= Beginning of Section =

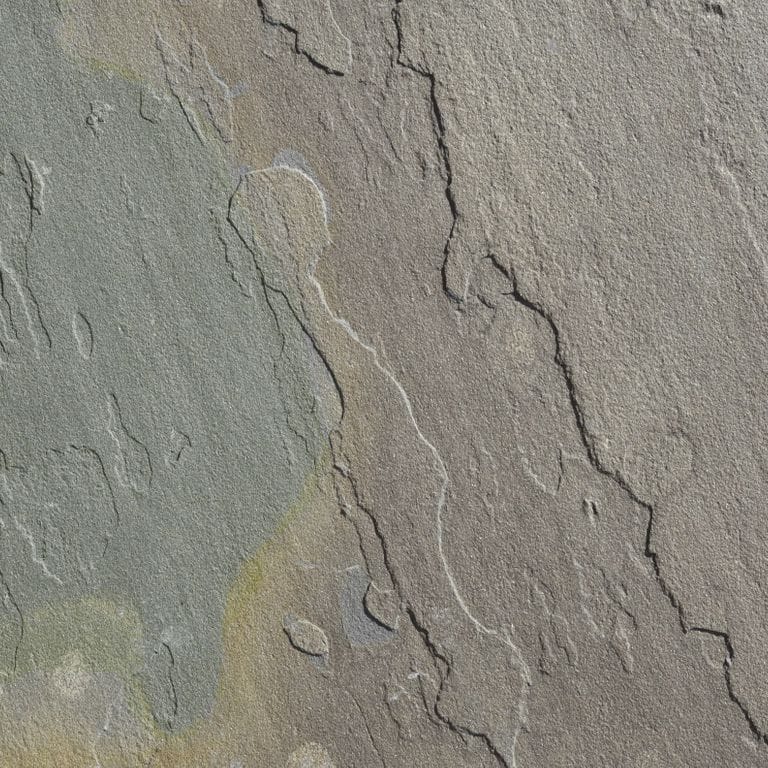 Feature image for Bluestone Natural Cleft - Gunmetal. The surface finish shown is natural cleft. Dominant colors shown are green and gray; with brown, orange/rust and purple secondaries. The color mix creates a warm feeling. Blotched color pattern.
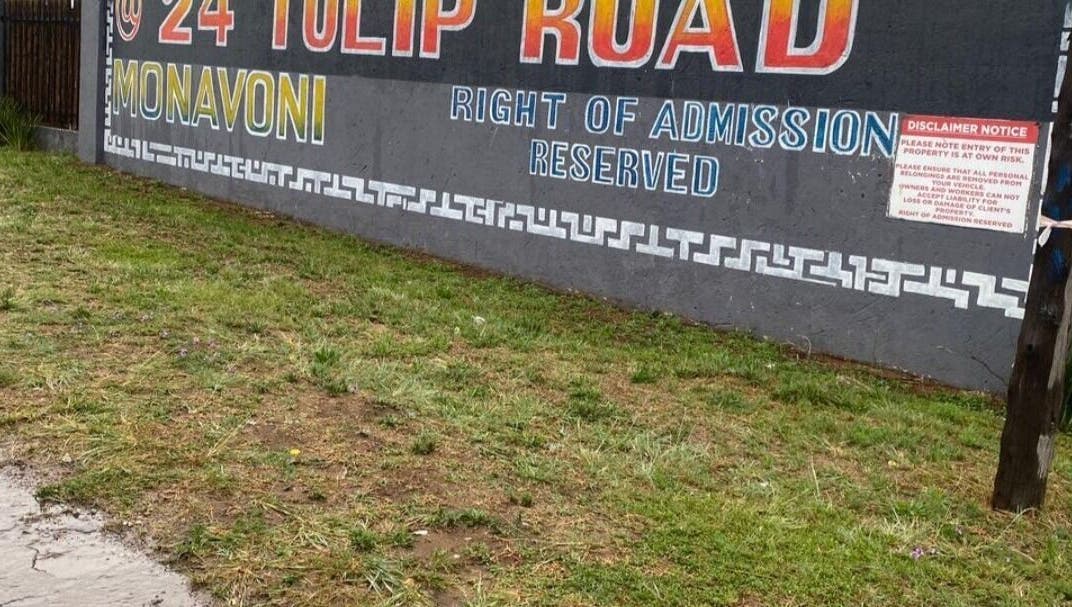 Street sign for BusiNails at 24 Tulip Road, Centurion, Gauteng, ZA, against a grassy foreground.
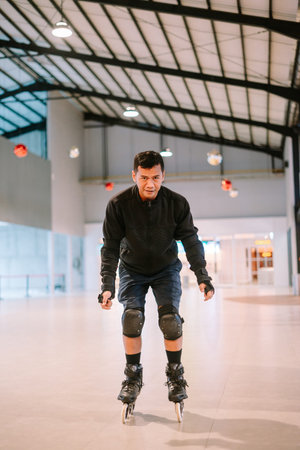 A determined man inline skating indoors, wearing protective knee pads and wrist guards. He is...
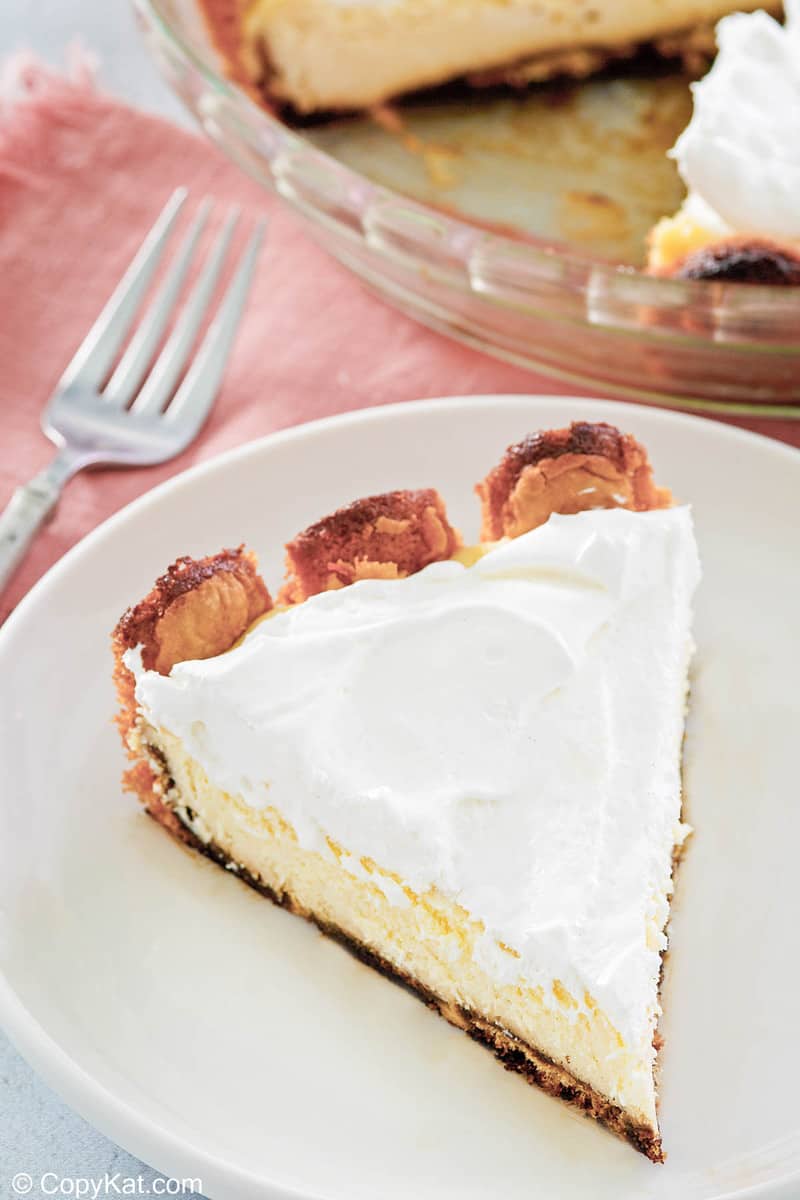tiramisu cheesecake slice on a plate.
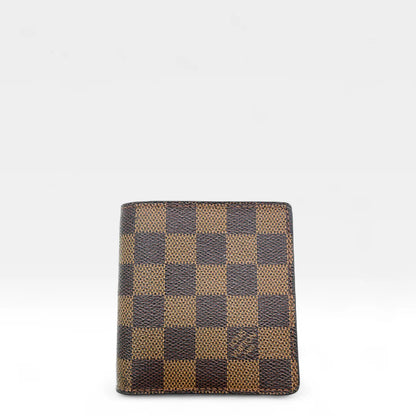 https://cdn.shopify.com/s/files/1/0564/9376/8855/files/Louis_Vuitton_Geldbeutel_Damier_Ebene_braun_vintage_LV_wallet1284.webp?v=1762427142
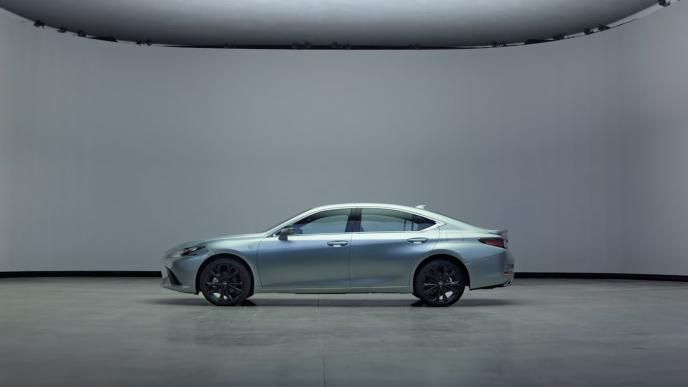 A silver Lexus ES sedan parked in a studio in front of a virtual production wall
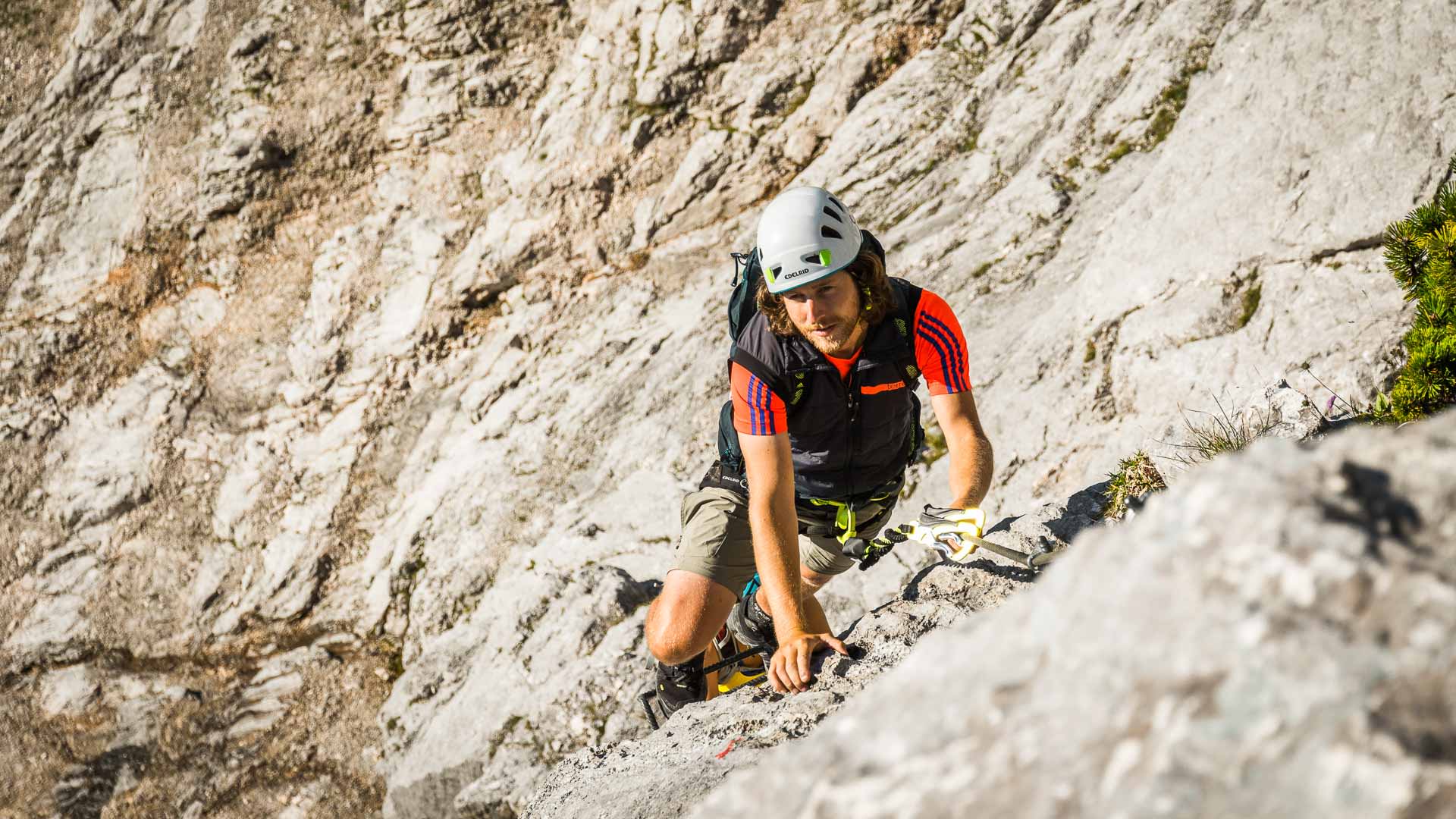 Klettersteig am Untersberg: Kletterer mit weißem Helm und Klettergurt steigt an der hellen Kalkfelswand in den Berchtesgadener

= End of Section =

> [Action item] Write out, exactly and with no pictures, the lines of the data from the first through the line containing "Street sign for".

> [Exercise solution]
 Feature image for Bluestone Natural Cleft - Gunmetal. The surface finish shown is natural cleft. Dominant colors shown are green and gray; with brown, orange/rust and purple secondaries. The color mix creates a warm feeling. Blotched color pattern.
 Street sign for BusiNails at 24 Tulip Road, Centurion, Gauteng, ZA, against a grassy foreground.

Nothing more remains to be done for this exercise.